Je ne vais beaucoup développer cet article, car j’ai parlé de Claire Keegan, de son style et de ses œuvres lors de son interview il y a quelque temps.

Moi qui ne suis pas très habituée à lire des nouvelles – trop courtes, chute mal contrôlée, histoire amputée ? – je reste pourtant admirative face à la maîtrise de Claire Keegan au fil de ses textes. Les 8 récits qui composent ce recueil sont magnifiques, et nous emmènent temporairement suivre la vie de quelques personnages.

Un des thèmes communs me semble être pourtant le lien familial – filial, marital ou autre – très présent et souvent problématique (Claire Keegan m’avait répondu sur ce point en me disant que c’est ainsi qu’elle se représente la famille) : » .. mais il est très rare que deux personnes veuillent la même chose à un moment précis de l’existence. Quelquefois c’est l’aspect de plus dur de la condition humaine. »

Mais globalement, elles sont très différentes.
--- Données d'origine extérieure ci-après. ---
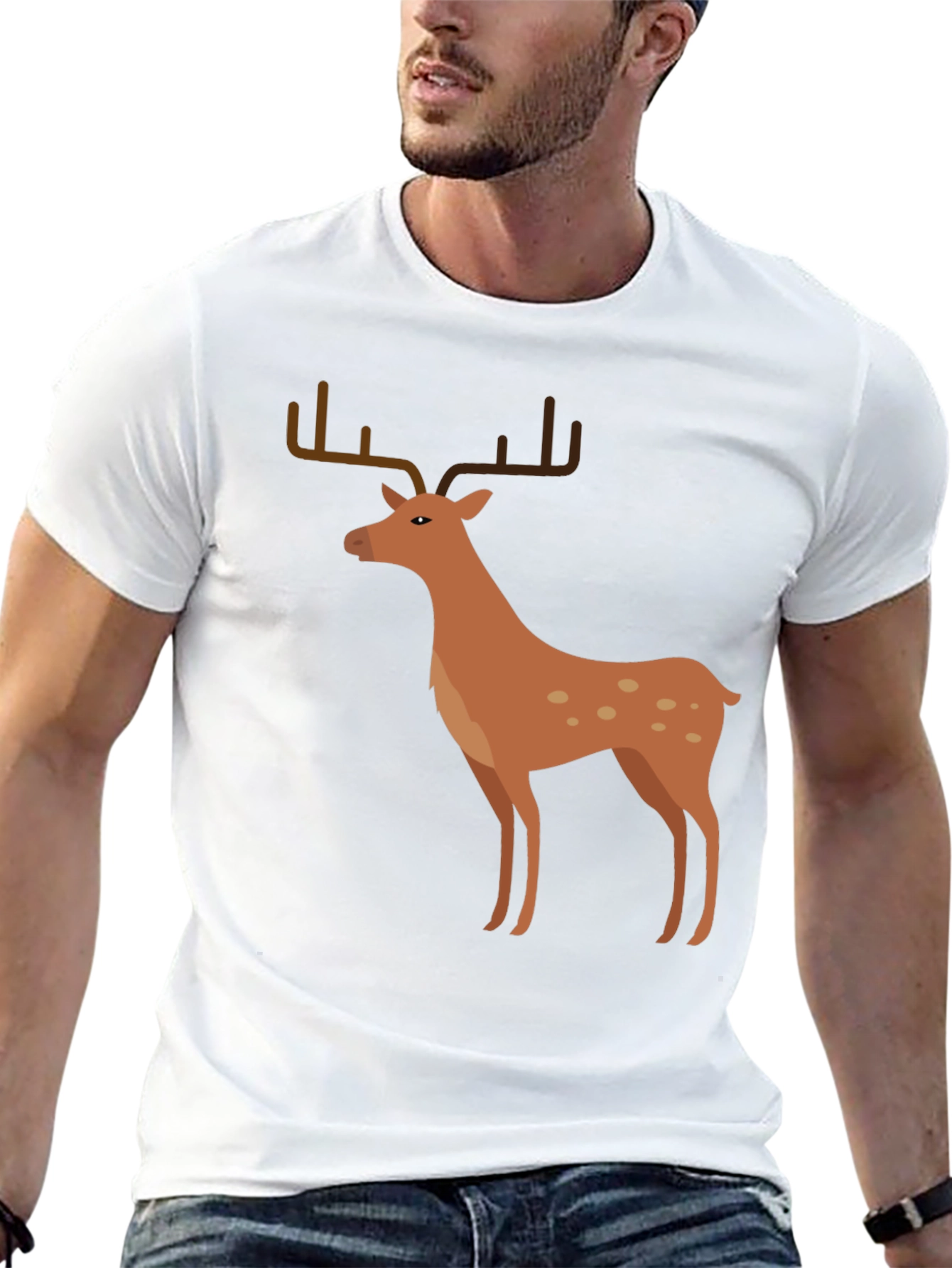 Mens Black T-Shirt with Deer Graphic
Seules les dates d’écriture ont déterminé leur place dans ce recueil, je ne vais donc pas insister sur leurs liens mutuels.

De même, elles se passent – sauf une – en Irlande, pays qui reste sans arrêt présent, par petites touches : quelques mots de gaélique, un paysage, des traditions. En effet, la nature est présente, mais rarement d’une manière bucolique : il faut la dompter, la travailler. La précarité, la fragilité face aux contingences naturelles sont très fortes.

Comme toujours, il est difficile de déterminer leur époque, mais à cette question, l’auteur m’avait répondu que ça n’avait pas d’importance, seule l’histoire, la gestuelle des personnages, comptent. Cependant, ce sont des sociétés très traditionnelles, en particulier pour la place des femmes; et très paysannes. Dans les femmes, seule La Fille du Forestier sort de ce schéma traditionnel, et c’est ma nouvelle préférée. Les traditions, l’esprit de village, les superstitions sont encore très fortes, et sont souvent décisives pour les histoires individuelles.

Au-delà de ces histoires, j’ai retrouvé le style net, presque elliptique de Claire Keegan. Elle ne nous donne jamais les clés de ses œuvres. Ses nouvelles sont extrêmement travaillées, mais le lecteur ne doit pas être passif non plus : c’est lui qui va compléter l’œuvre, et décider de ce qu’il veut en faire. On peut trouver cela frustrant, mais à la limite je préfère ça que certains auteurs qui nous servent une philosophie toute faite, convenue, qui ne nous demande aucun effort de décryptage.

Je vous invite donc à découvrir cet auteur, et en particulier Les Trois Lumières (si vous êtes rébarbatifs aux nouvelles). C’est un court roman, dans la droite ligne des autres, mais d’une puissance et d’une richesse énormes.